Mello turned professional after the Olympics in 1925, and earned the nickname, "the Stocky Portuguese Battler." Losing only two of his first twenty pro fights, he finished his six-year career record of 42 wins, 10 losses, with 22KOs. He lost only twice to a Technical knockout, but never was counted out for a full knockout.

In April 1926, Al married Mary Veronica Rupa of Lowell. The couple travelled to Atlantic and New York Cites for their honeymoon. He began his training for a bout at Braves Field in June.

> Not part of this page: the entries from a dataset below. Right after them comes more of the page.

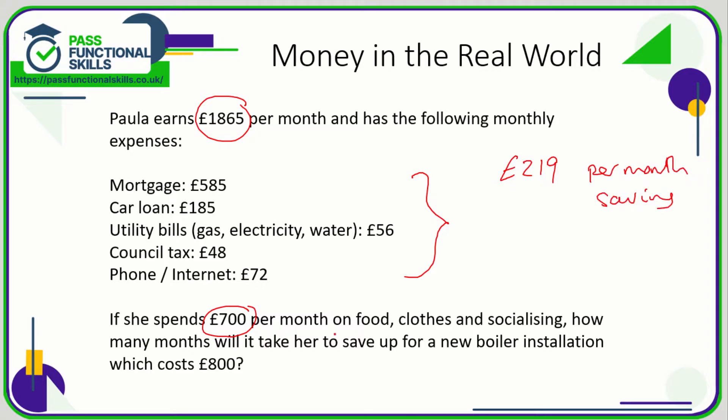That means Paula saves £219 per month. Now we want to know how long it will take her to save £800. Well, £800 divided by £219 comes to 3.65, so it will take 3.65 months — but that doesn't make sense because she's only paid once a month.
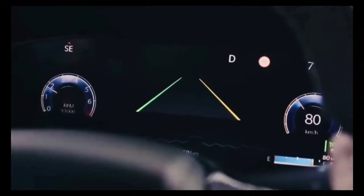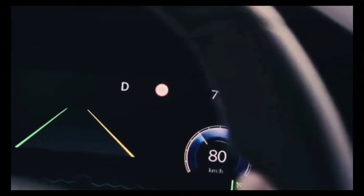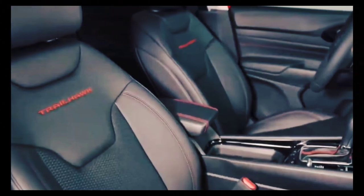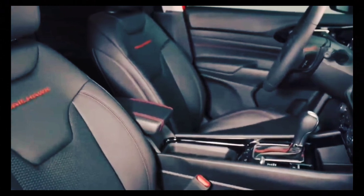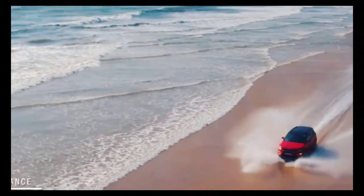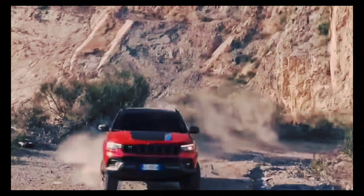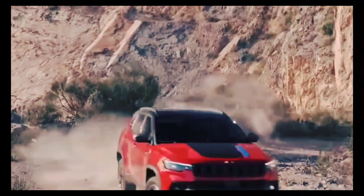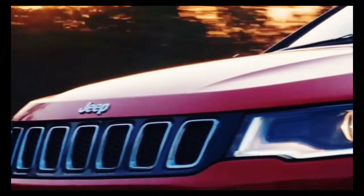2023 Jeep Compass. After its redesign last year, it received some much-needed quality-of-life updates inside and out. The Jeep Compass is back for 2023 with a new powertrain and standard all-wheel drive. Jeep puts a 200 HP turbocharged 2.0-litre inline-4 with an 8-speed automatic in every Compass.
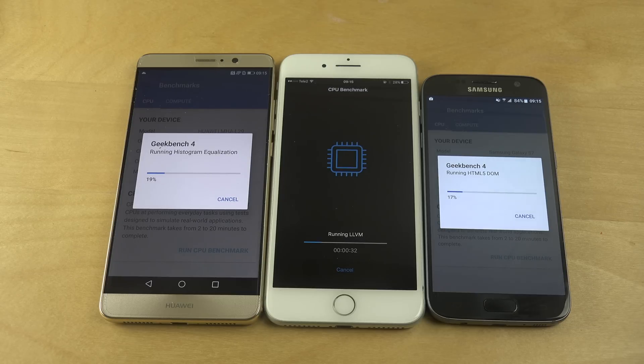This test runs a bunch of different things — it tries to render a PDF, tests memory speeds, and you get an overall score. I also saw on the Mate 9 it was running some camera thing — LLVM — probably trying to simulate taking photos or something.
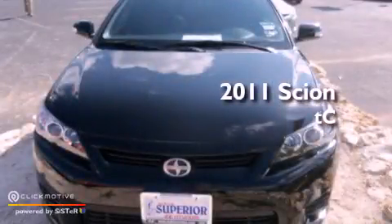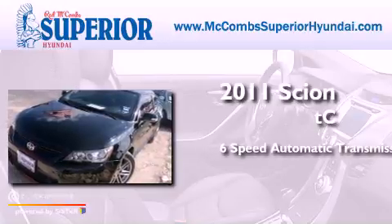This is a 2011 Scion TC. This coupe has a six-speed automatic transmission and an inline four-cylinder engine.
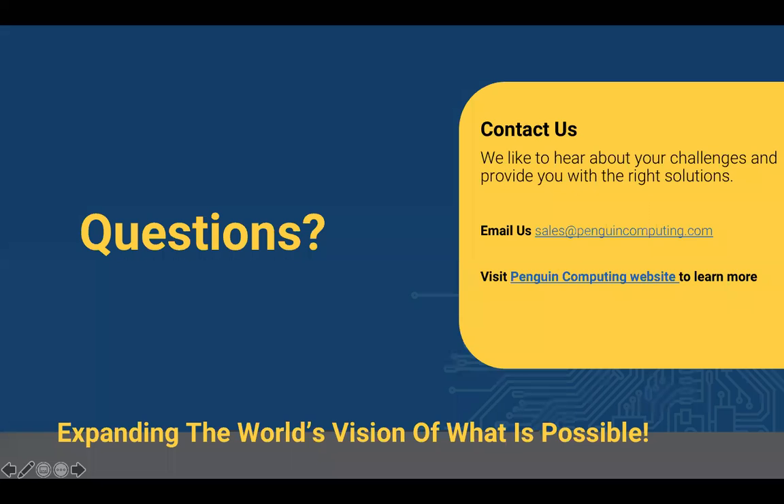Thank you again for joining me today. I hope you found the information informative. If you'd like to learn more, please visit us at one of the links we've provided. We look forward to seeing you again and hope you have a wonderful Supercomputing this year. Thank you.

===Taking the USA New England welterweight title===
Mello took the USA New England welterweight title against Jewish boxer Meyer Cohen at the Arena in Boston in an eighth round knockout on October 3, 1927. Mello's blows were cleaner and sharper, and he led in points throughout the bout. The Boston Globe wrote that Mello had first taken the USA New England title against George "Kid" Lee on July 7, 1926, but he actually lost the official decision.

Of Mello's 10 losses, 4 were disqualifications for low punches. Some of his notable fights include wins over former middle and welterweight champions, Vince and Joe Dundee. He fought George Kid Lee four times, losing 3 of the 4.

On February 27, 1928, Mello lost to highly rated world middleweight contender Ace Hudkins in a fourth round disqualification for punching low at the Arena in Boston. He lost to Hudkins earlier in a ten round points decision on June 1, 1927, in Queens.

Al retired after his final fight with future world middleweight champion Lou Brouillard, which he lost in an eighth round technical knockout at the Boston Garden on May 15, 1931, before 15,000 spectators. Mello had not boxed regularly for two years and took a terrific beating. Brouillard's left hooks connected too often and too powerfully in the eighth, causing Mello's manager to throw in the towel. The bout was for both the New England Middle and Welterweight titles. The Brouillard match was only one of two fights where Al lost due to a technical knock out, the other, just 23 months earlier, was in his second fight with Gorilla Jones.

==Life after boxing==
Al enlisted in the Army during World War II, and was involved in the Italian Campaign. After retiring, he opened "Al Mello's Restaurant" in his native Lowell. He died in 1993, at age 87, leaving six children and six grandchildren, and was buried in Holy Trinity Cemetery in Lowell.